Minimize the burden of on-premises security

Many K-12 organizations rely on their own IT systems, commonly referred to as "on-prem" or "on-premises" systems. These systems necessitate a significant investment of time to ensure regular patching, monitoring, and prompt response to potential security events. However, CISA findings report that many K-12 organizations lack the resources and expertise to effectively manage these systems. As a result, they face challenges in maintaining optimal security levels and staying on top of the ever-evolving cyber threats landscape. To address this challenge, CISA recommends that K-12 organizations prioritize the migration of their on-premises IT services to the cloud.

Cloud services often come equipped with robust security measures, including regular updates, patches, and automated monitoring, which can alleviate the burden on resource-constrained K-12 organizations. Cloud providers also invest heavily in state-of-the-art security infrastructure, leveraging their expertise and economies of scale to offer comprehensive protection against potential security threats.
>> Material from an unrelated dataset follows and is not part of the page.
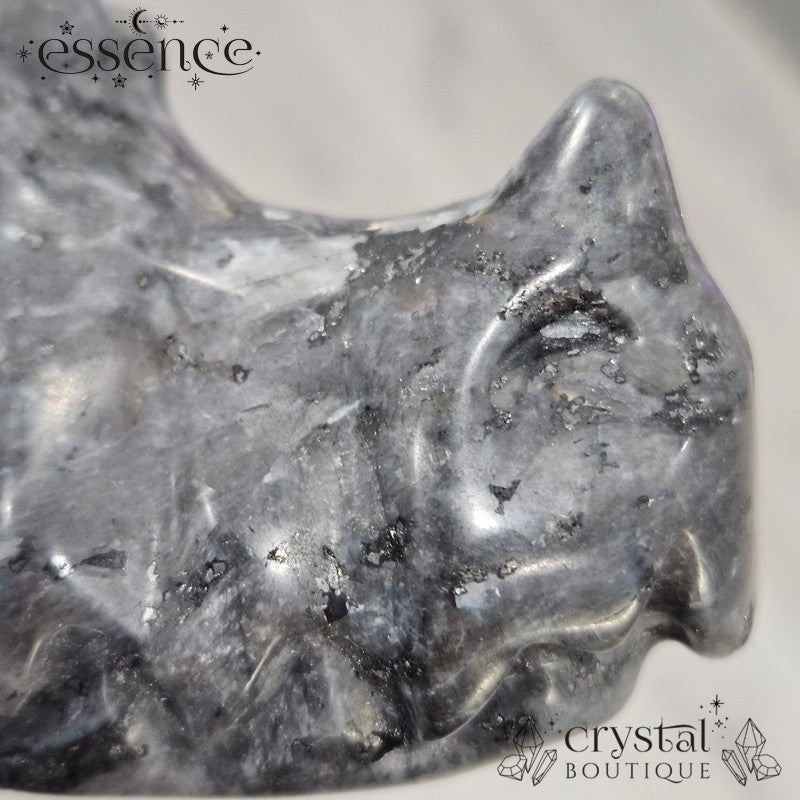 Larvikite Dragon Head - 879g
Other benefits of cloud migration include:

  • Greater flexibility: Cloud-based systems offer the flexibility to access resources and applications from anywhere, allowing educators and students to work and collaborate remotely.
  • Scalability: Cloud solutions provide the ability to scale resources up or down based on demand, allowing schools to adapt to changing needs and accommodate fluctuating workloads effectively.
  • Remote access: Cloud technology enables easy and secure remote access to educational resources, ensuring uninterrupted learning and seamless collaboration regardless of physical location.
  • Resiliency: With cloud services, schools can ensure uninterrupted access to critical systems, applications, and data, even after a cyberattack.
  • Improved security posture: Cloud providers invest in robust security measures, reducing the burden on K-12 organizations to maintain and update their own on-premises security systems. This can lead to an overall improvement in the school's security posture.
  • Efficient resource allocation: By using cloud technology, schools can optimize the allocation of limited resources, redirecting IT staff's focus towards enhancing educational experiences rather than solely managing infrastructure.

Microsoft supports migration of some of your on-premises IT services to the cloud with Microsoft 365 and Microsoft Entra ID (formerly Azure Active Directory).
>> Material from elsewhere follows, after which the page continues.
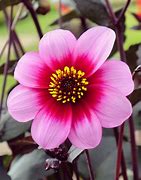 Image result for Dahlia Wishes N Dreams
  • Microsoft 365 provides organizations with access to cloud-based productivity and collaboration tools for people, organizations, and schools, including Microsoft Teams, Word, Excel, and PowerPoint.
  • Microsoft Entra ID is an enterprise cloud-based identity service that provides single sign-on, multifactor authentication, and conditional access to guard against cybersecurity attacks.

A graphic depicting on-premises Active Directory / Microsoft Entra Connect cloud sync migrating to Microsoft Entra ID.

Next steps

  1. Look back on the list of software and IT services you wrote in the previous unit. Are there any that currently operate in the cloud? Identify which services, such as your user identity system or mail system, that you would like to migrate.
  2. Write the next steps you need to take for cloud migration and any points of contact you need to move forward.